7 thoughts on “ON Morocco

  1. Great post! Beautifully written. I was not aware of the racism over there. This gives me a new perspective. My sister stayed there one summer but she loved it, I guess the circumstances were different. It is a cold feeling when you feel like you don’t belong, or when you feel rejected. But this trip as you said, had a bigger purpose in your life. Sometimes we need to go through such ordeals to truly find ourselves.

  2. gazelledusahara

    Thank you Hijabee,

    Where in Morocco did your stay? Was she a tourist? Or was she studying/working. I know some (very) few black folk that have been there and like it. (I had actually been there the previous year (in the same city no less) before my semester from hell and liked it enough to come back.

    I’m glad your sister enjoyed it, a little tweeking of circumstances and I think I would have loved it. In the end, God knows what he’s doing 

  3. Salaam, sis,

    We must have been reading our websites at around the same time, hehe, looking at the time of your comment…and here I am, commenting on an older post. 😛

    RYC: Yeah, Dreams from my Father would pale in comparison to the Autobiography of Malcolm X…I should read that again, not being the 16 year old I was, embarrassed for my mother to come to school and talk about the Nation (that was just her teasing me) …it was sooo unPC to have a mother who used to believe that the white man was the devil. I’m still in love with the idea of having someone actually intelligent as President. He’s no black nationalist, that’s for sure, but “at least he’s not married to a blonde,” to quote my mother…figuratively speaking.

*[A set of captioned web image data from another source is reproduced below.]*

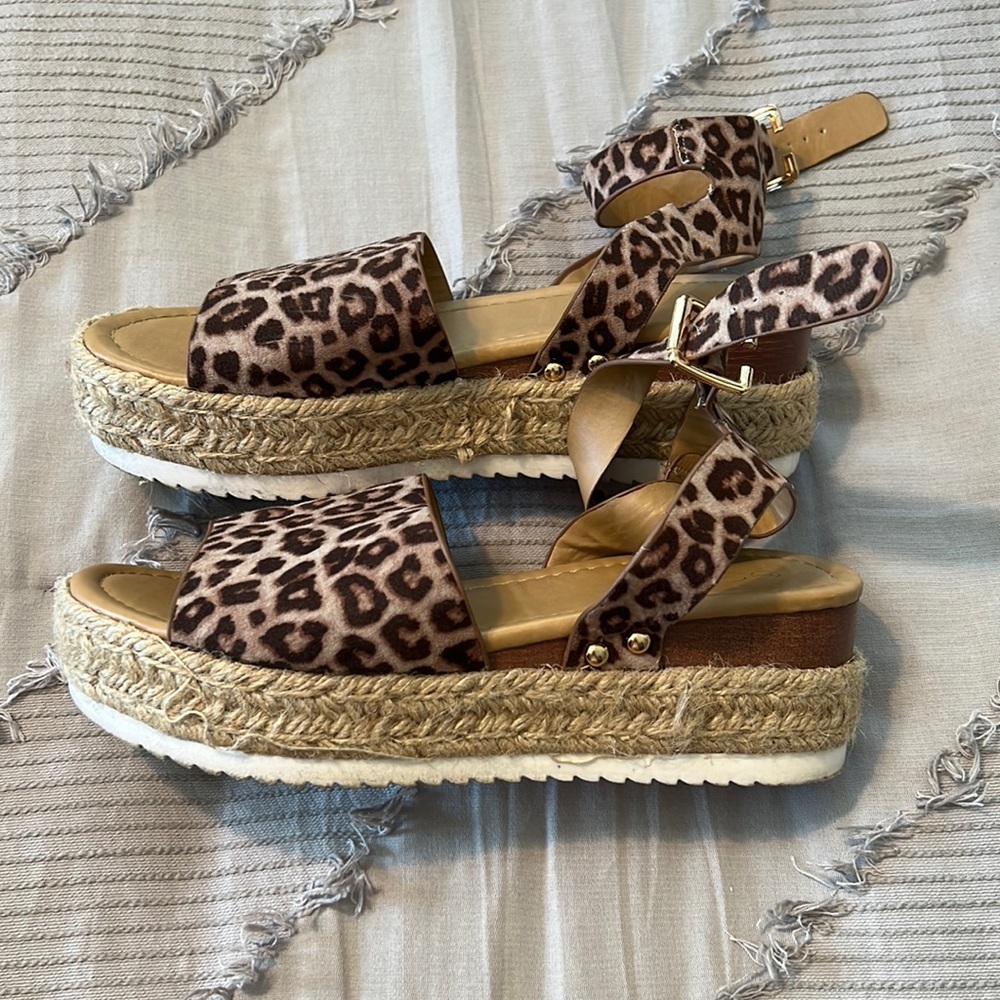 Platform sandals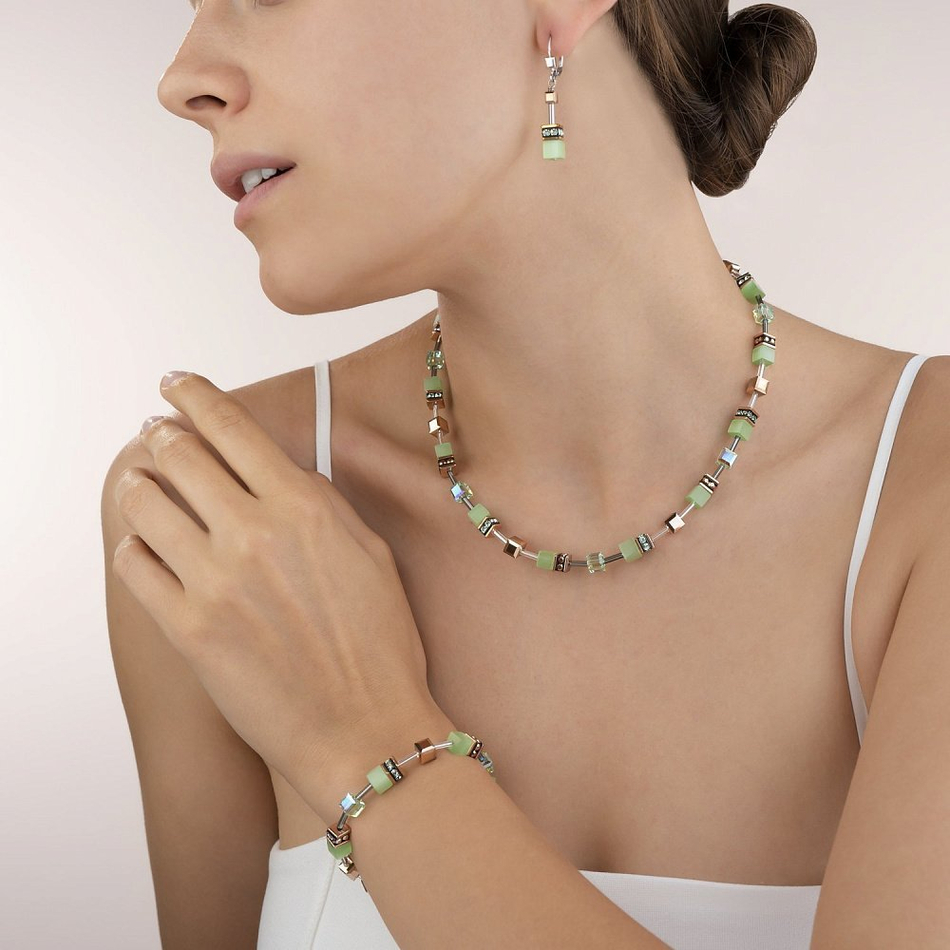 Колье Coeur de Lion Light Green 4016/10-0520 цвет зеленый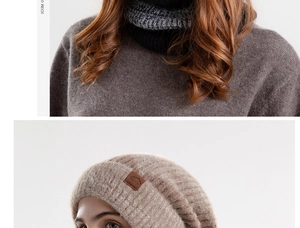 Detail von Winter-Strickmütze und Schal-Set mit dicker Textur und braunem Lederaufnäher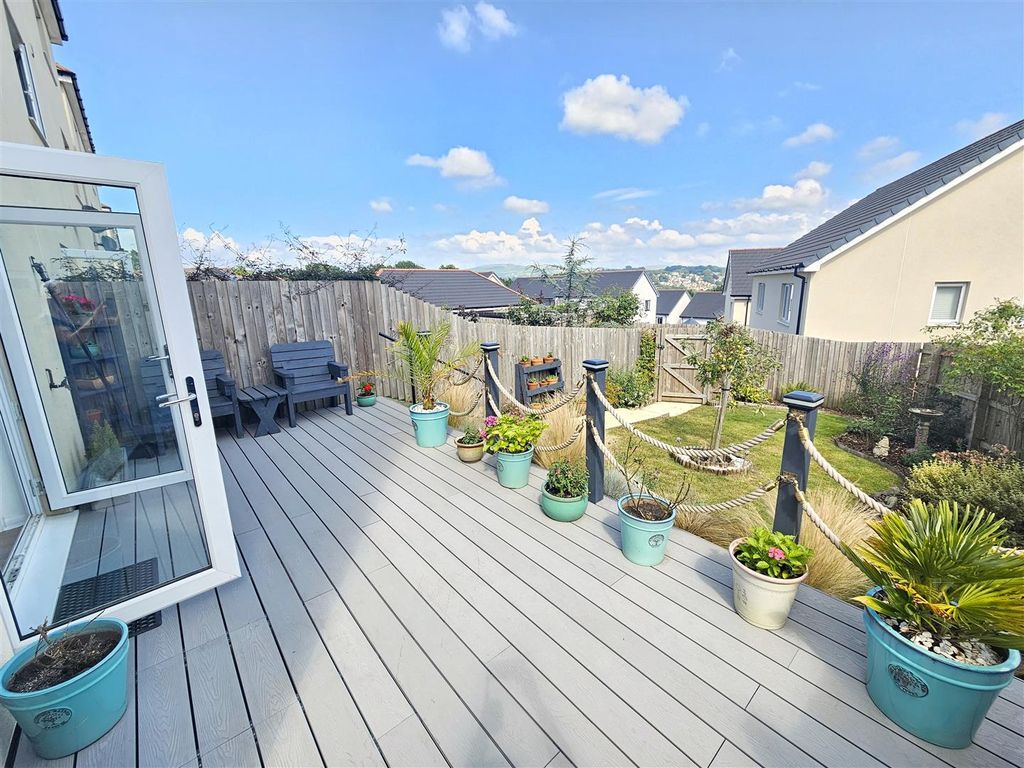 Property photo 2 of 26 Deck Terrace.Jpg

    I loved this post, by the way. So much I could say, so much I have already said in posts of my own after reflecting on experiences in the DR, especially…the politics of race, skin color, isolation…even though I’ve only traveled to places where I could blend in with the locals once I improved my accent…yeah…

    ws, ~Chinyere

  4. gazelledusahara

    thanks Chinyere

    Your family history is soo amazing, fyi I’d buy your grand mama’s book if she ever chose to write one… Wow so much history in one family.

    I didn’t know much about the Nation growing up besides the bean pie men on the streets of D.C. But I took Jackson’s class and ever since I’ve seen how powerful a statement it was that the Nation was trying to make, racist hijacking of Islam though it was. Such is life. ws

  5. karim

    Gazelle, although I am not black nor a female, I can feel you. I am moroccan by parents and going to morocco has always been a nightmare for me. “Human dignity” seem to be unknown in what they call “the most beautiful country of the world”. I have heard stories where rich moroccan after a drunken night ran into poor children by accident and by giving 1 000$ to their and their connection will never be worried of jail. Unfortunately, worse thing happen every day in this dream country.

    Far from the tales of commercials for tourist, your experience shows a mark of courage and will give people facing the same situation a better awareness and a feeling of being not the only ones.

    I hope your experience will changes mentality.



    • gazelledusahara

      Welcome Karim,

      You know it’s funny, going back to Morocco last summer, made me realize the extent to which my feelings are not as sharp anymore. Well, that and having since traveled to many more places in the Arab World. unfortunately, Morocco has many problems but so do a lot of places. It’s not the worst place in the world, but it needs improvement that is for sure.

      Dealing with some of the same issues (racism etc.) last summer, but being an older, wiser, more competent in speaking Arabic and Darija in particular, Morocco didn’t feel as bad as I remembered… then again, things are rarely as vivid as we remember them.